The Pound to Euro Exchange Rate grew by 1.0% yesterday – the most in 4 months – amid a flurry of currency news announcements that favoured Sterling and the US Dollar over the Euro. The European Central Bank continued their Long Term Refinancing Operation (LTRO) in an attempt to boost liquidity by giving out €529 billion of cheap 3-year loans. The loans were snapped up by over 800 banks, which appeared to spook Euro investors into selling the single currency. The large number of banks eager to take the ECB handouts suggests economic instability in the Eurozone. Conversely, the prospect of improved liquidity points towards higher financial sector earnings in the city of London and could help the UK avoid technical recession this quarter. The Pound to Euro Exchange Rate grew to 1.194.

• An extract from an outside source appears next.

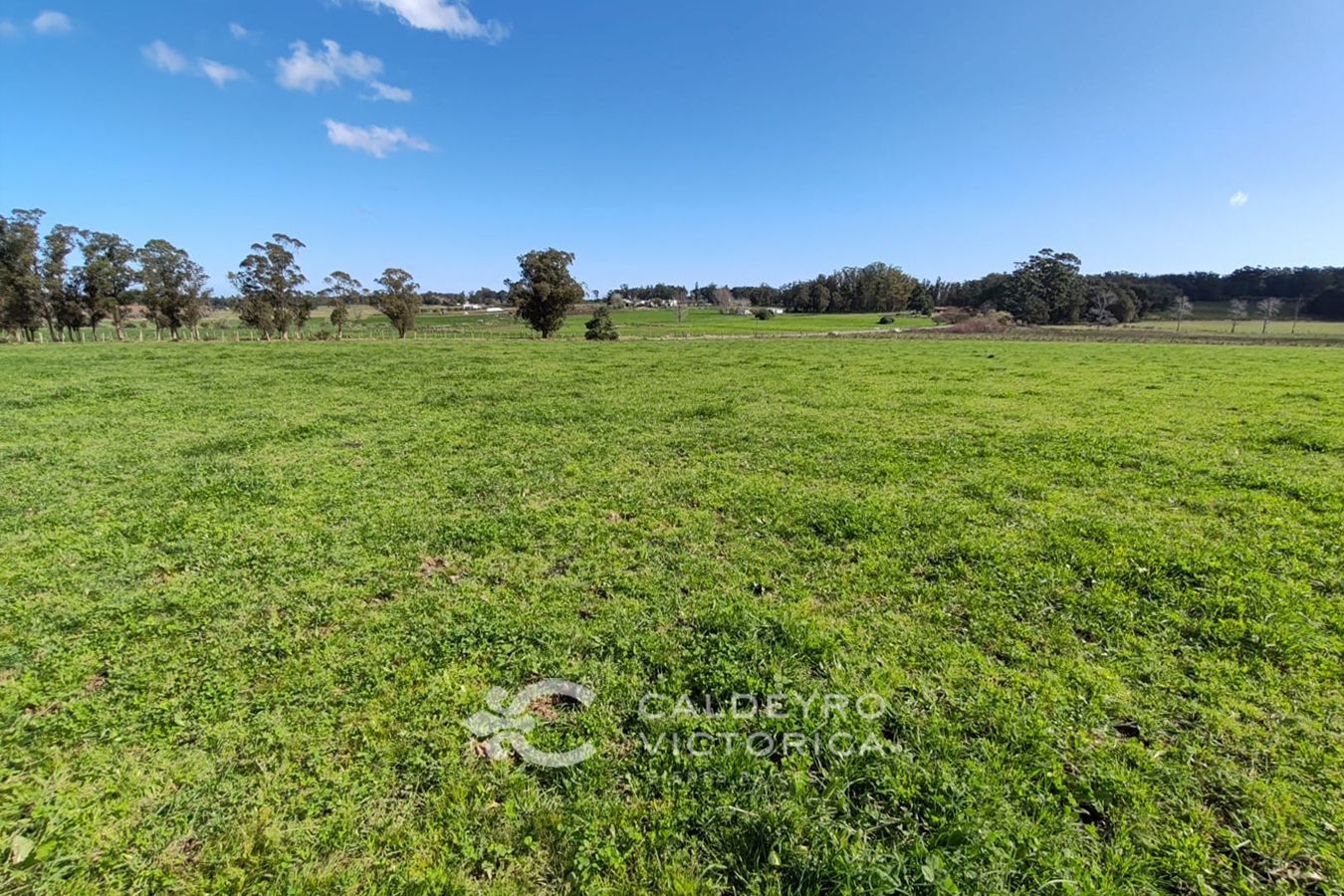 Campo EN VENTA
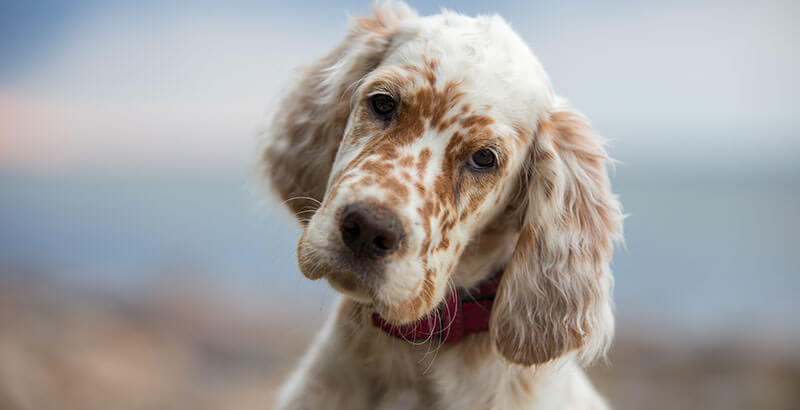 Conseil Vétérinaire - Blog - Plaies de « léchage » chez le chien | Causes,  Symptômes, Solutions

The ECB loans were viewed by some investors as an indirect form of Quantitative Easing; the last bout of cheap loans resulted in a drastic improvement in sovereign bond yields, especially in the southern Euro member states. Bank of England governor Mervyn King seemed to corroborate this idea when he stated that small businesses remained unaffected by the loans because they were primarily being used to shore up the banks. The Pound and the US Dollar have both suffered at the hands of QE and the devaluation of the Euro has had the same effect on the single currency.
UK ecostats fuelled the Pound’s Sterling performance yesterday with Consumer Confidence maintaining its strongest level since June. Mortgage Approvals increased by the most in 2 years and the Bank of England expanded Money Supply growth in the latest data release.
As the Eurozone felt the pressures of a veritable form of Quantitative Easing, the Bank of England made some announcements to suggest that their asset purchasing scheme could have reached its limit. Martin Weale of the Monetary Policy Committee commented that further QE is unlikely as rising oil prices, and seasonal adjustments should keep target inflation rates from being missed.